▸ **RECORDS**

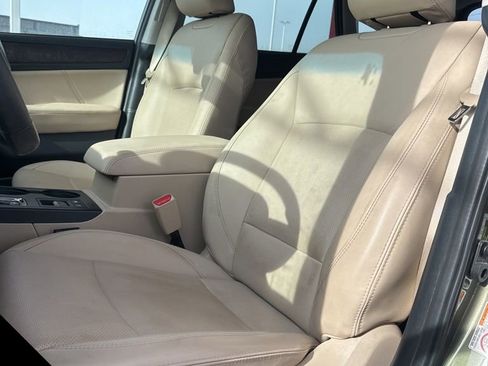 Used 2019 Subaru Outback 2.5i Limited w/ Popular Package #2 image 11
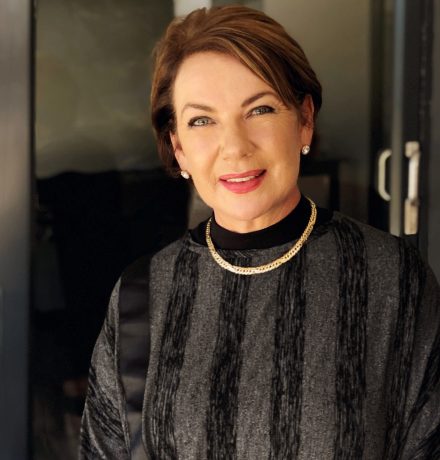 Karin Schwim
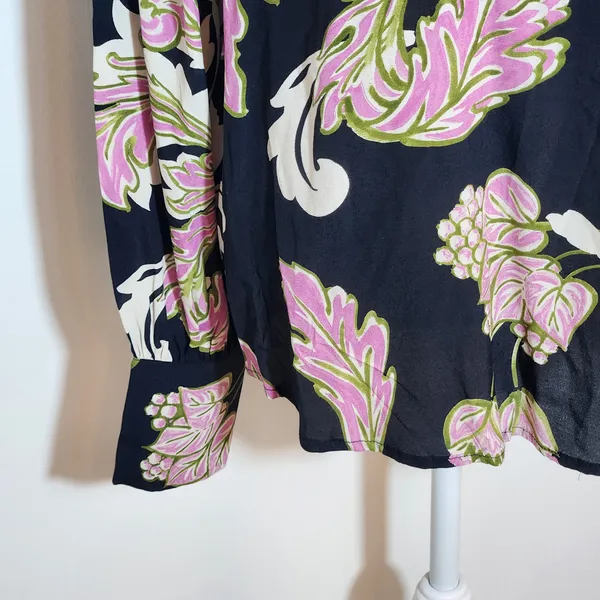 Karen Kane Black and Pink Floral Print Blouse Size Medium NWT - Image 3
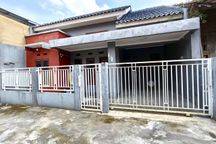 Rumah Di Perum Dekat Luwes Letak Strategis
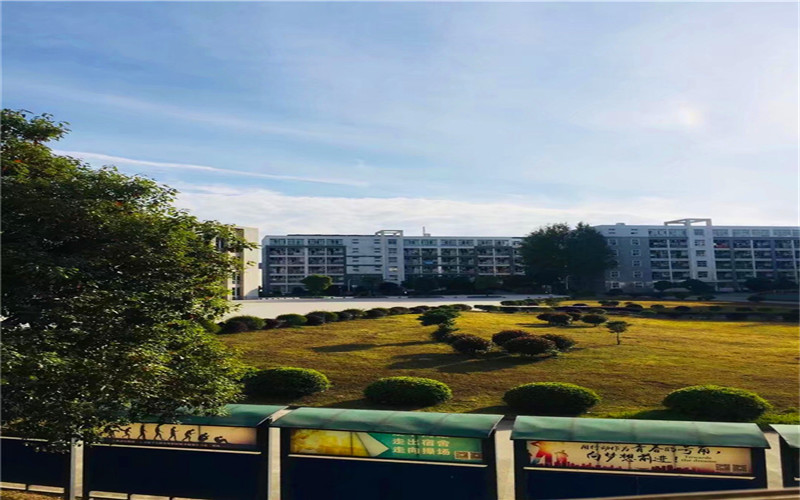 【2023高考參考】徽商職業(yè)學(xué)院2022年四川招生專業(yè)及招生計劃一覽表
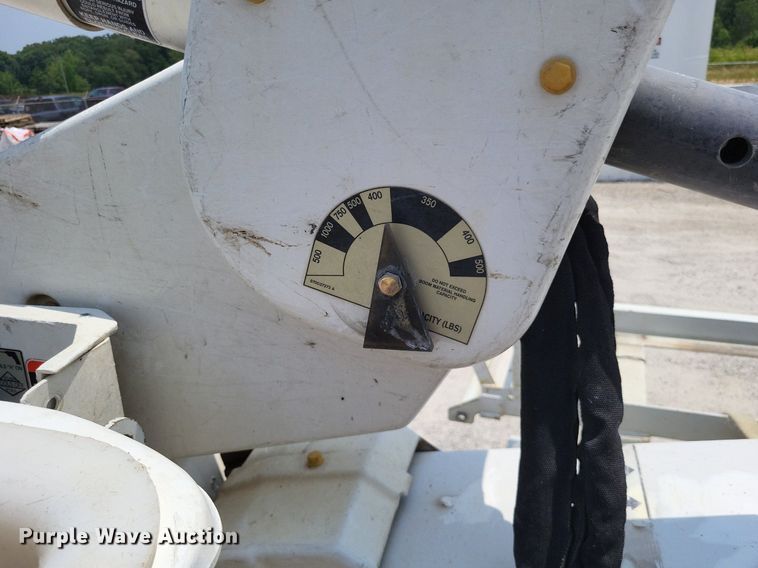 image for item LS9545 2013 Ford F550 Super Duty XL  bucket truck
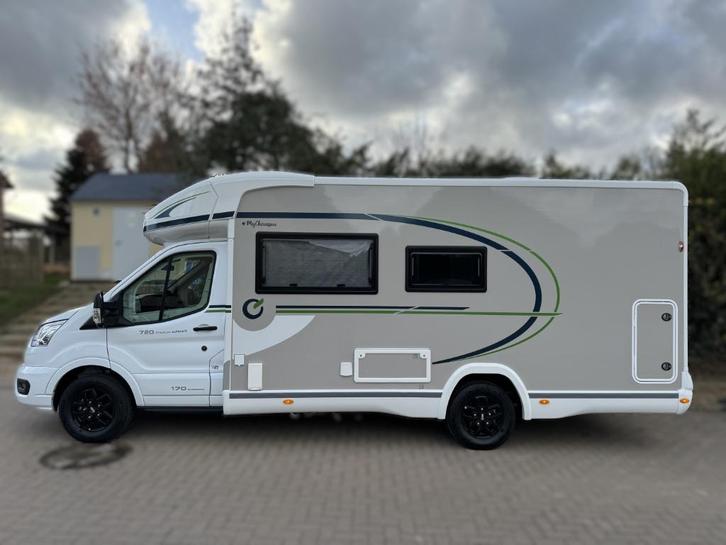 TE KOOP: Chausson Titanium Ultimate 720 2024 Motorhome, Caravans en Kamperen, Mobilhomes, Bedrijf, tot en met 5, Half-integraal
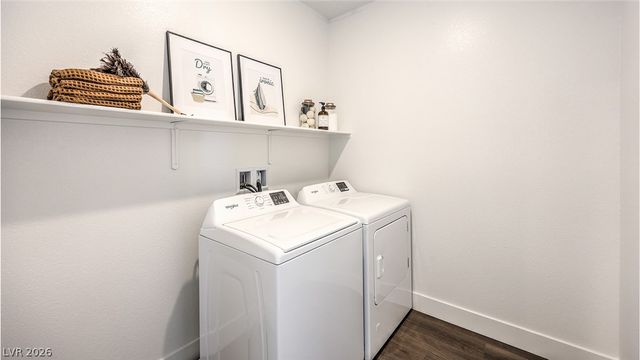 917 Kassie Lake Way, North Las Vegas, NV 89084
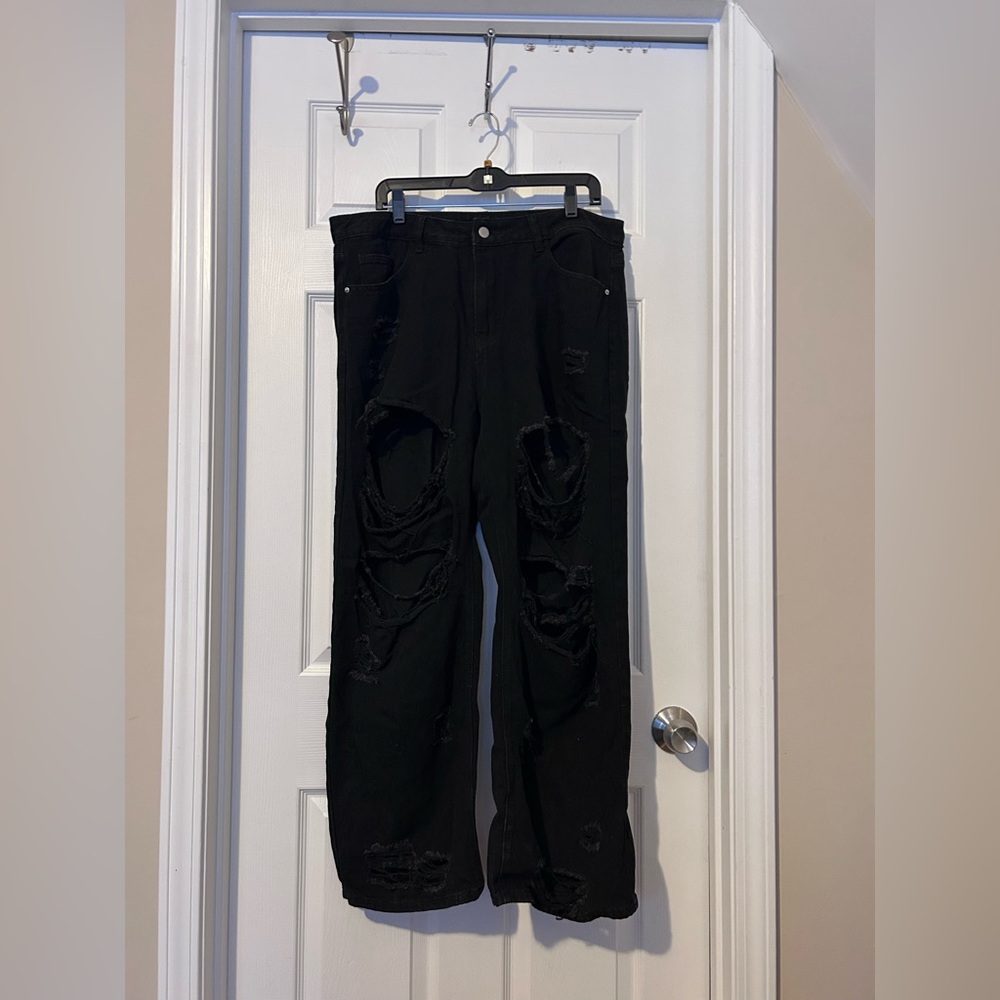 SHEIN Black Distressed jeans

▸ **WORK REQUEST**
Only the text of the records belongs in your answer, copied exactly as it appears above.

▸ **ANSWER SECTION**
 Used 2019 Subaru Outback 2.5i Limited w/ Popular Package #2 image 11
 Karin Schwim
 Karen Kane Black and Pink Floral Print Blouse Size Medium NWT - Image 3
 Rumah Di Perum Dekat Luwes Letak Strategis
 【2023高考參考】徽商職業(yè)學(xué)院2022年四川招生專業(yè)及招生計劃一覽表
 image for item LS9545 2013 Ford F550 Super Duty XL  bucket truck
 TE KOOP: Chausson Titanium Ultimate 720 2024 Motorhome, Caravans en Kamperen, Mobilhomes, Bedrijf, tot en met 5, Half-integraal
 917 Kassie Lake Way, North Las Vegas, NV 89084
 SHEIN Black Distressed jeans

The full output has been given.